In Lesson 2, you’ll learn to velocity up similarity search from 1000’s of comparisons to milliseconds — the important thing step that turns your semantic area right into a production-ready vector database.
Quotation Data
Singh, V. “TF-IDF vs. Embeddings: From Key phrases to Semantic Search,” PyImageSearch, P. Chugh, S. Huot, A. Sharma, and P. Thakur, eds., 2026, https://pyimg.co/msp43
@incollection{Singh_2026_tf-idf-vs-embeddings-from-keywords-to-semantic-search,
writer = {Vikram Singh},
title = {{TF-IDF vs. Embeddings: From Key phrases to Semantic Search}},
booktitle = {PyImageSearch},
editor = {Puneet Chugh and Susan Huot and Aditya Sharma and Piyush Thakur},
yr = {2026},
url = {https://pyimg.co/msp43},
}
To obtain the supply code to this put up (and be notified when future tutorials are revealed right here on PyImageSearch), merely enter your electronic mail handle within the type beneath!
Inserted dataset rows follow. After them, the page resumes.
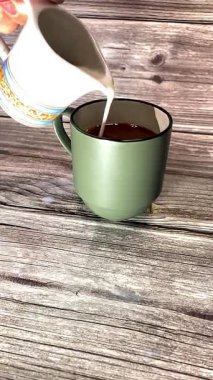 Sıcak kahve bardağına dökülen süt ahşap arka planda, kıvrımlı bir kafe havası yaratıyor, kahvaltı, yaşam tarzı veya yemek kavramları için mükemmel..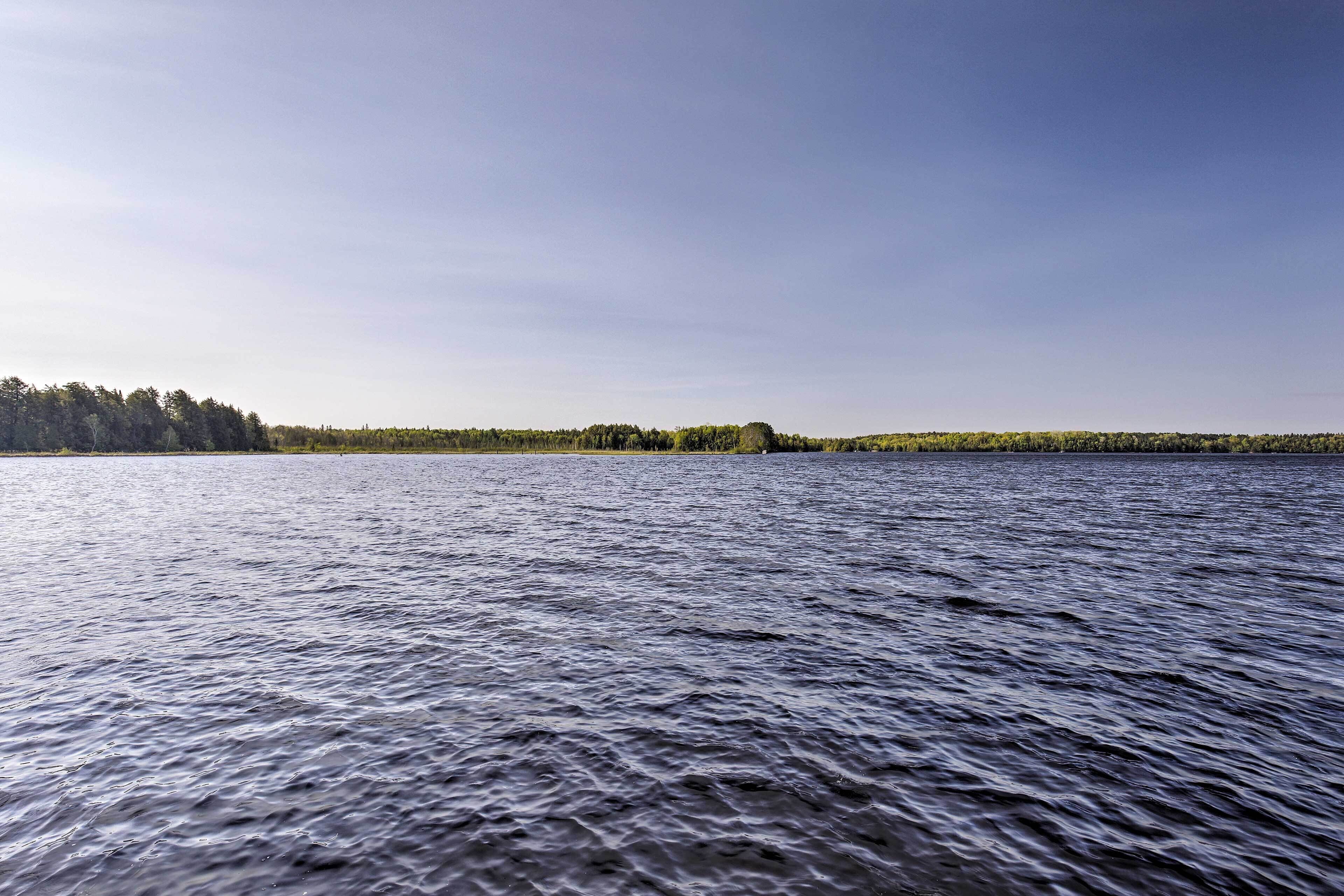 A calm lake with a forested shoreline.
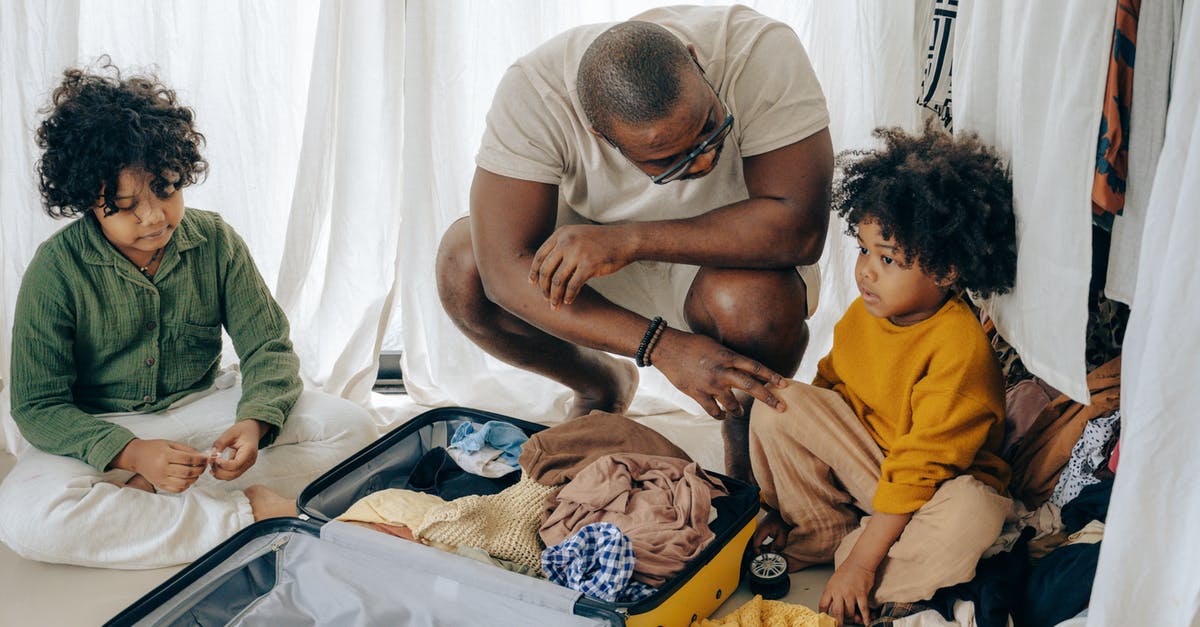 JFK International to Domestic Baggage Drop - African American father in eyewear with sad kids with curly hair sitting near opened suitcase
Obtain the Supply Code and FREE 17-page Useful resource Information
Enter your electronic mail handle beneath to get a .zip of the code and a FREE 17-page Useful resource Information on Laptop Imaginative and prescient, OpenCV, and Deep Studying. Inside you may discover my hand-picked tutorials, books, programs, and libraries that can assist you grasp CV and DL!
The put up TF-IDF vs. Embeddings: From Key phrases to Semantic Search appeared first on PyImageSearch.